**Work instruction**
Only the lines from the one containing "2.22 Ct. Cushion" through the one containing "Image of Ogreeny" should be printed, exactly as they appear below, with both ends included.

====== Information supplied ======

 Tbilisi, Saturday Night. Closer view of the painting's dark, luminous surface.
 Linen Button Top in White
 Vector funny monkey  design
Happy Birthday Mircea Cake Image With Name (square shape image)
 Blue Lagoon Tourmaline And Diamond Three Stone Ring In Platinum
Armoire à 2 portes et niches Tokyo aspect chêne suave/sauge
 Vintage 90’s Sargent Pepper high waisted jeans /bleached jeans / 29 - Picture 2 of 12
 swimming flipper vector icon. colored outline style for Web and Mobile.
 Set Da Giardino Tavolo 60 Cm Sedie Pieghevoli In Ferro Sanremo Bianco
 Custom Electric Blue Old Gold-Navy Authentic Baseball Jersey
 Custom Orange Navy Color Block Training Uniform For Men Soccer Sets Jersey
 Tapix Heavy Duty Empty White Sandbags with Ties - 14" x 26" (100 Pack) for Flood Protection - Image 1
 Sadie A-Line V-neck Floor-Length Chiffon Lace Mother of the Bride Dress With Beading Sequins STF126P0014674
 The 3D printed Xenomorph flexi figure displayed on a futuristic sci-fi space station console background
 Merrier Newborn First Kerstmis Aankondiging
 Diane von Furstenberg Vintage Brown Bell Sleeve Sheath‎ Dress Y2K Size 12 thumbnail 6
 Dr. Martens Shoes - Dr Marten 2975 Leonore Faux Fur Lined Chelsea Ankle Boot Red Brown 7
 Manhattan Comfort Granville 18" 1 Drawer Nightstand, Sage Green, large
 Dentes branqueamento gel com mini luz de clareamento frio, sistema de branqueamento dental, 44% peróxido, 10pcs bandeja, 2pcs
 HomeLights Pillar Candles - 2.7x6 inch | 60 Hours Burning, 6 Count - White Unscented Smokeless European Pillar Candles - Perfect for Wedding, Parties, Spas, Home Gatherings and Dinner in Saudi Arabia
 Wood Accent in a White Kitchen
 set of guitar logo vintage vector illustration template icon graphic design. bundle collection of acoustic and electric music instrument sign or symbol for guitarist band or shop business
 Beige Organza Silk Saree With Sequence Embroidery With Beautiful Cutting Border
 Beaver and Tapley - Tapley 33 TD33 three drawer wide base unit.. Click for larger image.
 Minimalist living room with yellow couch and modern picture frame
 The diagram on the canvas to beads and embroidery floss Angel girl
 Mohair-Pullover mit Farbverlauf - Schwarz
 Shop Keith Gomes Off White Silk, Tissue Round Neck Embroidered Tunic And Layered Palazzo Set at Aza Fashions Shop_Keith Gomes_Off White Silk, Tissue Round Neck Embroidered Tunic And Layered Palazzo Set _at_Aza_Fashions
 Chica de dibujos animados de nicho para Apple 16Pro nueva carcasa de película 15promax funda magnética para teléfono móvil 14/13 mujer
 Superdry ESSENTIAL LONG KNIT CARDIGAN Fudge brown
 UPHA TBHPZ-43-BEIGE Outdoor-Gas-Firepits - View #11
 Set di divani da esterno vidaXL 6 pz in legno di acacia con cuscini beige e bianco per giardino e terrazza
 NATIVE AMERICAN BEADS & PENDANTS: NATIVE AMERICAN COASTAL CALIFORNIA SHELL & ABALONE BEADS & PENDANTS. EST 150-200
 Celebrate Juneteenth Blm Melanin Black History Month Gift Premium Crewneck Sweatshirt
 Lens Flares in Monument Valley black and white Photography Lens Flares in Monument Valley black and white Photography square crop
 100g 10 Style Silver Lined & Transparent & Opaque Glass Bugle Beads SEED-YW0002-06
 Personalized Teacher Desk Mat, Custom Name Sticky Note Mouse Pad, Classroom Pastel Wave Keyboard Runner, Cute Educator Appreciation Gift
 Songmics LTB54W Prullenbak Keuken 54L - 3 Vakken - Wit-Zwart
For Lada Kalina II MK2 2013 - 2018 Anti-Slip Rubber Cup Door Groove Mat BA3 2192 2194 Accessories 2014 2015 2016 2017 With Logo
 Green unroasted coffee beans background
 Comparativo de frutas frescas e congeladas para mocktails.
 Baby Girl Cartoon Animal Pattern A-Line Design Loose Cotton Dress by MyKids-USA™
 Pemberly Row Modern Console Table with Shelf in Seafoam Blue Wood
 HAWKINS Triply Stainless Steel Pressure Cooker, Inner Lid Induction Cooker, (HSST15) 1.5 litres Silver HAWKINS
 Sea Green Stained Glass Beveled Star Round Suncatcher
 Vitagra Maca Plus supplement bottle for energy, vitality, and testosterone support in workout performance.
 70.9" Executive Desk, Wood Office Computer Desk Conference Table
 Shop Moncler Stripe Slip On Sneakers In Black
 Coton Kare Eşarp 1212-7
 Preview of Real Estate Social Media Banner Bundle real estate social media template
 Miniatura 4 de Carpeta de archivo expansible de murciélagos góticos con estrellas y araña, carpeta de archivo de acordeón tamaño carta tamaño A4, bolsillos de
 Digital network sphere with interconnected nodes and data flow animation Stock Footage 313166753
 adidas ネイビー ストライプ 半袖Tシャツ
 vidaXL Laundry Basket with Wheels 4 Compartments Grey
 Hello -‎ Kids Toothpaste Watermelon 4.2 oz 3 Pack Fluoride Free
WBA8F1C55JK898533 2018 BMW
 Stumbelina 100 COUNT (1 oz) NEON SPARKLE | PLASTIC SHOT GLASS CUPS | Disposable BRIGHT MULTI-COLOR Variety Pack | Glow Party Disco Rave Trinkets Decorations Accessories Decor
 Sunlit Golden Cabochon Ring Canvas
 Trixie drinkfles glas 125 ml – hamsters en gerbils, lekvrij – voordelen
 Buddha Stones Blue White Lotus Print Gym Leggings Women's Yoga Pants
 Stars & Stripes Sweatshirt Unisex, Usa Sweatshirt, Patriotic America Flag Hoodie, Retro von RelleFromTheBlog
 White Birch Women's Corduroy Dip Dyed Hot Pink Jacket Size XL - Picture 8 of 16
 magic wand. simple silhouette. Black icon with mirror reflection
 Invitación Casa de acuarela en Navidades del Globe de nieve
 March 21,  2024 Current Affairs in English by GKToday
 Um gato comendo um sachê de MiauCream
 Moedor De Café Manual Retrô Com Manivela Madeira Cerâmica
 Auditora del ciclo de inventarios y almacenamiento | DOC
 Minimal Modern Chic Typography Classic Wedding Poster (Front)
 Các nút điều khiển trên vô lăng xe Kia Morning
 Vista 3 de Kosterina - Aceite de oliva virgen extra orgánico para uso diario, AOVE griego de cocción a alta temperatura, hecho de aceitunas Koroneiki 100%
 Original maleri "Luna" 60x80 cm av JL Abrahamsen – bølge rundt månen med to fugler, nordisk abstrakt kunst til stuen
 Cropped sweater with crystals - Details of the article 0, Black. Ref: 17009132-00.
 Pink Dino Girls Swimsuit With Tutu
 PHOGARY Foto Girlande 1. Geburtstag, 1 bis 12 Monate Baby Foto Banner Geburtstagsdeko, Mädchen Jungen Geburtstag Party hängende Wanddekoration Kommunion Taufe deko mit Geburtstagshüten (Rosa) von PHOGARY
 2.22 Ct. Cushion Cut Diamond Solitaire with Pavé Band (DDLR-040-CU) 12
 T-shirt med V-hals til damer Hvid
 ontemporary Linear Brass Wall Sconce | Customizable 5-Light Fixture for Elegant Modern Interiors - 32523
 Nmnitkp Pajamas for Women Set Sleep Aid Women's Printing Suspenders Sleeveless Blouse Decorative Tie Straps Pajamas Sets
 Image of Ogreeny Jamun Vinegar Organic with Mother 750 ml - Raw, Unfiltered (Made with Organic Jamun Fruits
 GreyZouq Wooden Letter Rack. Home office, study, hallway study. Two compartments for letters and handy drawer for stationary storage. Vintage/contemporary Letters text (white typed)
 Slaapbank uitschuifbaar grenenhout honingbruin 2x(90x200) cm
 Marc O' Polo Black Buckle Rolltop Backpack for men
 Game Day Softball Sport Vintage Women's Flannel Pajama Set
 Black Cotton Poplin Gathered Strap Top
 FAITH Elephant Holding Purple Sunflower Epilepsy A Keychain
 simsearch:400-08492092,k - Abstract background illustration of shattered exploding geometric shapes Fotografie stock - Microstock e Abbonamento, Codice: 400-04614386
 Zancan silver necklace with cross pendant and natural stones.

======

**Completed exercise**
 2.22 Ct. Cushion Cut Diamond Solitaire with Pavé Band (DDLR-040-CU) 12
 T-shirt med V-hals til damer Hvid
 ontemporary Linear Brass Wall Sconce | Customizable 5-Light Fixture for Elegant Modern Interiors - 32523
 Nmnitkp Pajamas for Women Set Sleep Aid Women's Printing Suspenders Sleeveless Blouse Decorative Tie Straps Pajamas Sets
 Image of Ogreeny Jamun Vinegar Organic with Mother 750 ml - Raw, Unfiltered (Made with Organic Jamun Fruits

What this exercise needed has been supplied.